Getting back in is sometimes trickier, especially if one has to enter directly into a rapid. Many times you can “seal launch” by getting into the boat while it is on top of a dry rock, or on a sloping bank, and then pushing off into the water after you have your skirt on and are settled.
Most whitewater kayak schools (such as NOC, which sounds local to you) are going to work on teaching you a roll up front. The goal is to avoid having to get out.
But, should you not have a roll or otherwise need to get out, it is not hard at all. Pop the skirt and you can slip out. But this can be a big inconvenience to both you and others out there, as you then need to get everything (boat, paddle, you, etc.)together and to the side of the river to drain the boat and get back on the river.
Thanks to both of you for replying. I exaggerated a bit talking about the rapids. I think the roughest I’ve been on would be the Class 3 right above the NOC, in a raft and ducky.
What I’m really wondering is, how does a whitewater kayak paddle on a flat river, or lake? The Congaree, and Savannah, are Class 1, and 2 max, but end up flat. I want something that I can put in above the rapids, and paddle down to the flat part. Is there such a boat? Or should I just pick one or the other? I don’t mind the workout, because I need it.
older whitewater kayaks
Whitewater kayaks generally are not the greatest to paddle long stretches of flatwater, especially if there is not much current. Today’s short whitewater playboats are especially painful in this regard.
One option would be to look at a pumpkin seed-shaped recreational kayak, which would not be too expensive. Although not very efficient on flatwater, it would be better than a short playboat and people paddle these on Class I and Class II whitewater with reasonable success, as long as they don’t have ambitions to carry out too many maneuvers.
In the new boat category, the so-called “cross over” kayaks, such as the Liquid Logic Remix XP10, the Pyranha Fusion, or the Dagger Approach would be much more capable on whitewater and more efficient on flatwater, although more expensive. There is a current thread discussing the LL Remix XP 10 you could check out on this forum.

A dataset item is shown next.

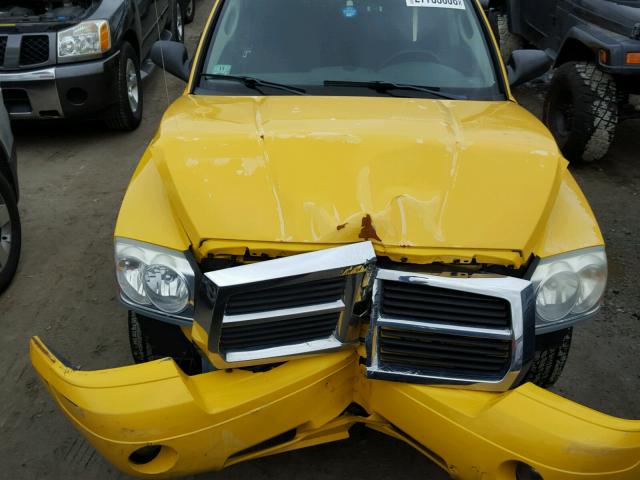 1D7HE48K06S593573 - 2006 DODGE DAKOTA QUA YELLOW photo 7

A third possibility, and possibly the cheapest, would be to look for a used “old school” whitewater kayak in the 10 to 11 foot length range. These have good whitewater capability and are reasonably efficient to paddle on the flatwater stretches.
dogs on flat
Modern whitewater kayaks -- especially playboats -- are generally slugs on flat water. They're short, wide, and flat-bottomed, which is great for surfing waves but lousy for flatwater efficiency and tracking.
The Jackson Kayak site is a good place to see a typical range of styles.
If you're interested in running rivers, as opposed to park & play, there are some "hybrid" kayaks that might work for you.